Supplied material:
━━━━━━━━
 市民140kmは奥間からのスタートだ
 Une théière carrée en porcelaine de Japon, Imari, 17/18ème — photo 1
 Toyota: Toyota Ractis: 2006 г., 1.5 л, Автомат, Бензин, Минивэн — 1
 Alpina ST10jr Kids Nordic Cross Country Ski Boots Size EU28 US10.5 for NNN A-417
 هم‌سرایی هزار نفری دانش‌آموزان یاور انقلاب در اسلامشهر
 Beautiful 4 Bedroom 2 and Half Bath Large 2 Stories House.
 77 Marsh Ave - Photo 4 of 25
━━━━━━━━
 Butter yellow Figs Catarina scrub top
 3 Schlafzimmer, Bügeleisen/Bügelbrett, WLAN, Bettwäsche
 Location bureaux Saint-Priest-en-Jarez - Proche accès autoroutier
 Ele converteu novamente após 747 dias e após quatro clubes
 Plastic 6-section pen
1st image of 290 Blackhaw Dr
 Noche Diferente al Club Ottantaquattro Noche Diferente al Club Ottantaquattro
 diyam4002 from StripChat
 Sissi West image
━━━━━━━━
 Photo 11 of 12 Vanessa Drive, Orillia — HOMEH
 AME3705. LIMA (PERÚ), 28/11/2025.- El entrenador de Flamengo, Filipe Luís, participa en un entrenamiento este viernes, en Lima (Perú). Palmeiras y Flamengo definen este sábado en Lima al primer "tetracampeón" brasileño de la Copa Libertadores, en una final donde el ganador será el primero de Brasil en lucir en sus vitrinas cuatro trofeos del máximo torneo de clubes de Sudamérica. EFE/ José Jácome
━━━━━━━━
Aim of the task: Of the lines above, retype only those from the line containing "市民140kmは奥間からのスタートだ" through the line containing "77 Marsh Ave - Photo 4 of 25", including both, exactly.

Exercise output:
 市民140kmは奥間からのスタートだ
 Une théière carrée en porcelaine de Japon, Imari, 17/18ème — photo 1
 Toyota: Toyota Ractis: 2006 г., 1.5 л, Автомат, Бензин, Минивэн — 1
 Alpina ST10jr Kids Nordic Cross Country Ski Boots Size EU28 US10.5 for NNN A-417
 هم‌سرایی هزار نفری دانش‌آموزان یاور انقلاب در اسلامشهر
 Beautiful 4 Bedroom 2 and Half Bath Large 2 Stories House.
 77 Marsh Ave - Photo 4 of 25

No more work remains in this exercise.